U.S. milk and dairy product production

Herd size, management style and dairy facilities vary significantly throughout the United States, and even within states. From small tie-stall barn setups to rotationally grazed operations to large-scale facilities, you’ll find them all from coast to coast in the United States.

The average U.S. dairy herd has 147 cows, with a rolling herd average of nearly 20,000 pounds (9,000 kilograms) of milk. In the Northeast, the average herd has 88 cows, with a rolling herd average of 18,864 pounds (8,489 kilograms). Southeast dairy herds average 157 cows and 15,986 pounds (7,194 kilograms) of milk per cow. In the Midwest, the average herd includes 89 cows, with each cow producing 19,043 pounds (8,569 kilograms) of milk. The West boasts the largest herds, with the average herd size at 627 cows. On average, these cows produce 21,686 pounds (9,759 kilograms) of milk.

Holsteins dominate the U.S. dairy herd, accounting for 91% of the population. Jerseys follow as the second most popular breed, with more than 4%.

The United States has approximately 61,500 dairy farms, with Wisconsin having the most at about 14,500. However, the West holds the largest chunk of the country’s milk production at 47%.

U.S. milk and dairy product production

Milk production is growing in the West and Midwest; is steady in the Northeast; and declining in the Southeast. According to the National Agricultural Statistics Service, California leads the country in total milk production – pumping out 21% of the nation’s milk supply – and Wisconsin produces 13% of the country’s milk.

About 1,000 dairy product manufacturing plants dot the United States. Nearly two-thirds of U.S. milk goes into dairy product manufacturing (for example, cheese, yogurt, soft cheeses, ice cream and butter), rather than beverage milk.

Producing hundreds of the world’s finest cheeses, some of the most popular varieties include cheddar, mozzarella, Swiss, muenster and brick. Two states dominate U.S. cheese production – Wisconsin and California. Wisconsin produces 26% of the country’s cheese, and California 23%. Other top cheese-producing states include Idaho, New York and Minnesota.

U.S. cheese production and consumption enjoys a long-term upward trend, yielding more than 9.5 billion pounds (4.3 billion kilograms) annually. Italian-style cheeses account for 42% of this figure. Mozzarella is the country’s primary Italian cheese. American- style cheeses account for another 41% of U.S.-produced cheese, with Cheddar being the primary variety in this category. Hispanicstyle cheeses and Swiss cheese continue to increase in popularity. Foodservice use is the largest area of cheese utilization, with pizza restaurants leading the way.

With the largest milk supply in the world, the United States processes more than 25% of the world’s cheese into more than 400 varieties, types and styles.

The earliest U.S. cheesemakers were immigrants who brought cheesemaking skills from Europe.

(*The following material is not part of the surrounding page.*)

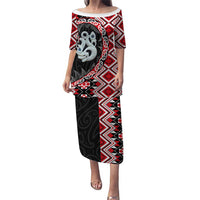 Red Taniko Motif Aotearoa Manaia and Silver Fern Puletasi LT03 Long Dress Red - Polynesian Pride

Since then, U. S. cheesemakers have developed new technologies, unsurpassed capacity and a strong focus on the specific needs of their customers. Cream and Neufchatel cheese production sits at nearly 700 million pounds (315 million kilograms). When combined, the curd, creamed and lowfat varieties of cottage cheese hit 1.2 billion million pounds (0.54 kilograms).

The United States makes about 1.35 billion pounds (0.61 billion kilograms) of butter. California produces about 30%, while Wisconsin produces approximately 29%. Sour cream production hovers around 1.3 billion pounds (0.59 billion kilograms).

Ice cream, frozen yogurt and sherbet production sits at nearly 1.5 billion gallons (5.7 billion liters). California leads the United States in ice cream and frozen dessert production, followed by Indiana, Pennsylvania, Texas, Ohio, New York and Minnesota.

The United States makes nearly 3 billion pounds (1.35 billion kilograms) of yogurt. California leads the country in yogurt production, followed by New York.

Exports account for 8.3% of total U.S. milk production, on a milkequivalent basis. Exported U.S. dairy products include cheese, whey, lactose, ice cream, infant formula, fluid milk, cream and milk powders. Primary markets are Japan, Mexico and Canada. Mexico is the largest buyer of U.S. cheese, ice cream, milk powder, fluid milk and cream. The United States is the single largest country exporting frozen dairy desserts.